Doch zurück zum Anfang. Ivan Zozulya setzt zunächst im Siebdruck Spuren auf die Leinwand. In den jüngsten Arbeiten sind auch zuweilen Linoldrucke dabei. Wohl kann man darin Figuren und Gegenstände ahnen, die für die Ebene der Alltags- und Arbeitswelt stehen. Sie ist das, was unser Dasein wohl zusammenhält. Nur fügt sich das offenbar nicht mehr so einfach zusammen, wie dies möglicherweise einst war. Die klaren Kanten und Linien suggerieren konkrete Bilder, aber die Vorstellungskraft des Betrachters steht vor einem Rätsel. Warum sollte es ihm anders ergehen als dem aufmerksamen Beobachter des ganz normalen Lebens. Von diesen Setzungen geht Zozulya weiter und sucht mit ausladenden Schwüngen aus farbigen Tuschen die grafischen Elemente zu verbinden.
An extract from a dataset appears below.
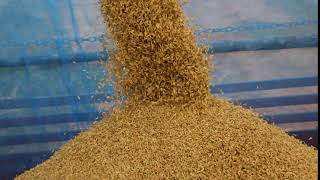 Pouring Grain Or Seeds Sound Effect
Dass daraus Gliedmaßen eines oder mehreren Menschen werden, ist zunächst dem Zufall, dann dem Kalkül unterworfen: eine Schulterpartie provoziert Arme, die sich mit Beinen, Füßen auf dem Bildträger so verschlingen, dass ein fiktiver menschlicher Organismus entsteht. Wir können uns nun einen Reim darauf machen, ob Arbeit und Alltag unser Leben bestimmen, oder ob das Leben Einfluss auf das hat, was wir beruflich oder in unserer Freizeit tun.
Ein Durcheinander, zugegeben. Aber wo Arme und Beine sind, kann der Kopf nicht fern sein. Hier und da empfiehlt sich eine freie Stelle auf der Leinwand, wo ein gesenkter oder gedrehter Kopf sich als Zentrum empfiehlt. Bei aller anatomischer Zufälligkeiten verdichtet der Maler die fast trockene Tusche so souverän, dass die Körperteile zum räumlichen Gebilde in drehender Bewegung werden: in sich gekehrt, sich losreißend, kreisend, sich befreiend. Ivan Zozulya malt Bilder des Gebens und Nehmens, des Werdens und Vergehens. Es sind keine Szenen in Harmonie, es sind auch nicht unbedingt schöne Körper – und doch sehnt sich das Bild nach Vollkommenheit, während sie teils genüsslich, ja lustvoll gestört wird: durch die Trugbilder unsrer Vergangenheit, durch Überblendungen, neuerdings auch durch geisterhaft körperlose Figuralzeichnungen, mitunter gegenstandsfreie Lineaturen. Ivan Zozulya positioniert seine Protagonisten auf die nicht grundierte Leinwand, oder er lässt sie von undefinierten Farbräumen umfließen. Ungeschützt, da nicht korrigierbar, gestaltet, inszeniert der Maler den Menschen auf der Fläche. Er gibt ihm eine Mitte, die in sich labil bleibt, die Körper darin sind fragil – frei, in ihrem Tun zu scheitern oder sich immer neu zu erfinden.

Günter Baumann

Prof. Cordula Güdemann zu der Arbeit "Absinth / Die Raucher"


 

In seinen neuesten Bildern entschied sich Ivan Zozulya häufig für das große Format – wie zum Beispiel bei dem Bild Absinth: 210 x 480 cm. Diese Großformate haben eine vollkommen andere Präsenz und räumliche Wirkung als die kleineren Bilder. Sie sind auch aus der Nähe nicht mehr überschaubar, und es geht nicht um ein Bild, das in sich geschlossen ist, sondern es ist vielmehr offen nach allen Seiten und kann sich in der Vorstellung des Betrachters in alle Richtungen fortsetzen. Man nimmt einzelne Bildteile wahr, die in der Vorstellung zu einem Bild zusammengefügt werden. In immer stärkerem Maß werden die Figuren und anderen Bildsujets transparent gemalt, die malerischen Mittel hat Ivan Zozulya erweitert bis zur Druckgrafik, die in die Bilder und Zeichnungen integriert wird. Insbesondere der Siebdruck wird immer wichtiger auch als strukturierendes Bildelement. 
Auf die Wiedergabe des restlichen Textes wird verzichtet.